Once again, we fail to use progress for good
This is the part that stings. None of this is inevitable physics. It’s a choice, a thousand small architectural and business decisions that quietly default to extraction.
We’ve done this before. The printing press, the steam engine, the internet, each one arrived wrapped in utopian promises, and each one ended up concentrating power before society clawed back some balance. AI is moving faster than any of them, which means the concentration happens faster too, and the clawing back, if it comes, will have to be faster as well.

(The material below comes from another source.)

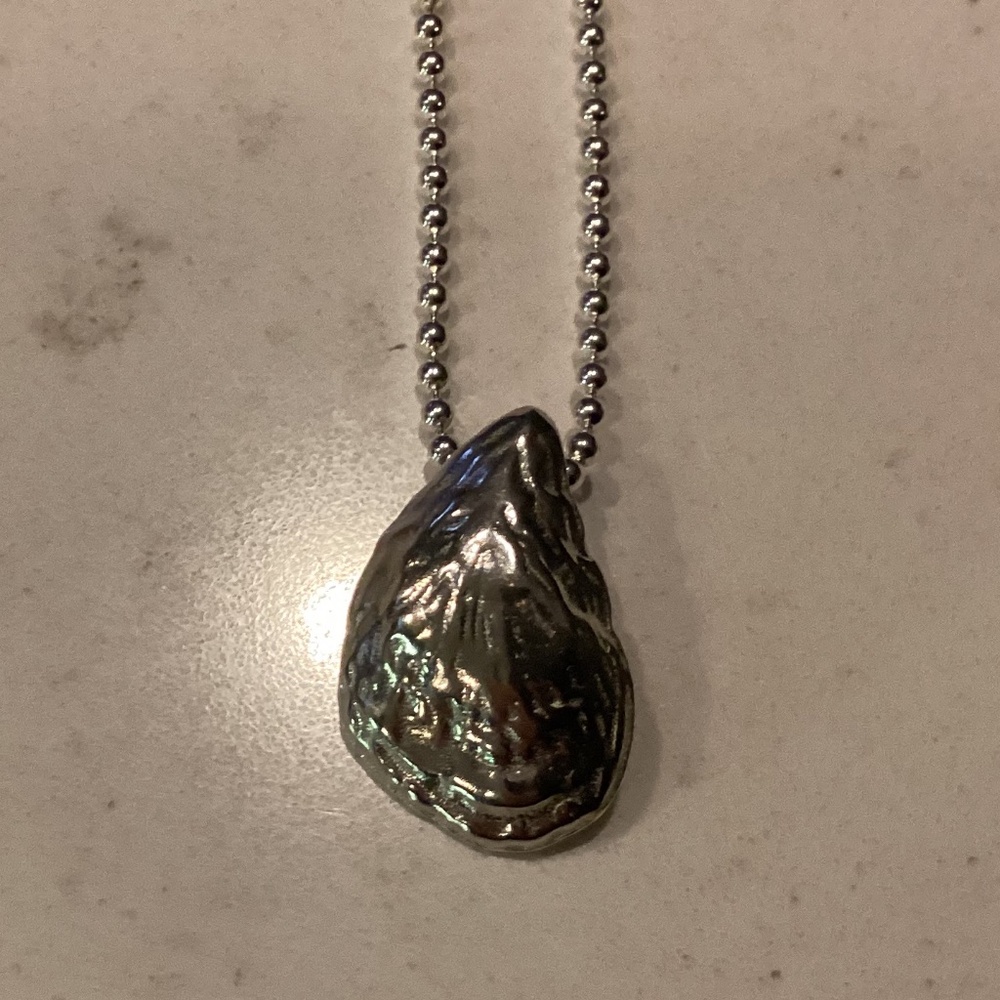 Patsy Kane Ketcham Oyster Shell Pendant - image 2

But it doesn’t have to end this way
I don’t want to write pure doom, because fatalism is just another way of surrendering. The same building blocks point to a different ending:
Open weights and local inference break the metering monopoly. If a good-enough model runs on your own hardware, capital stops being the gatekeeper. (Epoch AI)
Pay for the loop. If human correction is what makes models better, the people doing it deserve a cut, not a tip. This is the heart of Jaron Lanier’s idea of “data dignity,” treating data as labor that people are owed for, rather than a free resource to be mined. (TechTarget)
Efficiency as a public good. Every breakthrough that makes agents cheaper to run shifts power down the pyramid, not up. We should fund and celebrate that as much as raw capability.
Regulation that targets the loop, not the model. The danger isn’t the technology; it’s the feedback mechanism that launders cheap human labor into expensive private assets.
The takeaway
AI didn’t have to be a tool for widening the gap. We’re making it one, step by quiet step, because extraction is the path of least resistance.
The technology is genuinely miraculous. The question, the only question that has ever mattered with any new power, is who it’s for. Right now the default answer is “whoever can pay.” We still have a narrow window to change that answer.
If we don’t, we’ll have built the most capable tools in human history and used them, once again, to do the least imaginative thing possible: make the powerful more powerful.
The choice in front of us is simple to state and hard to make.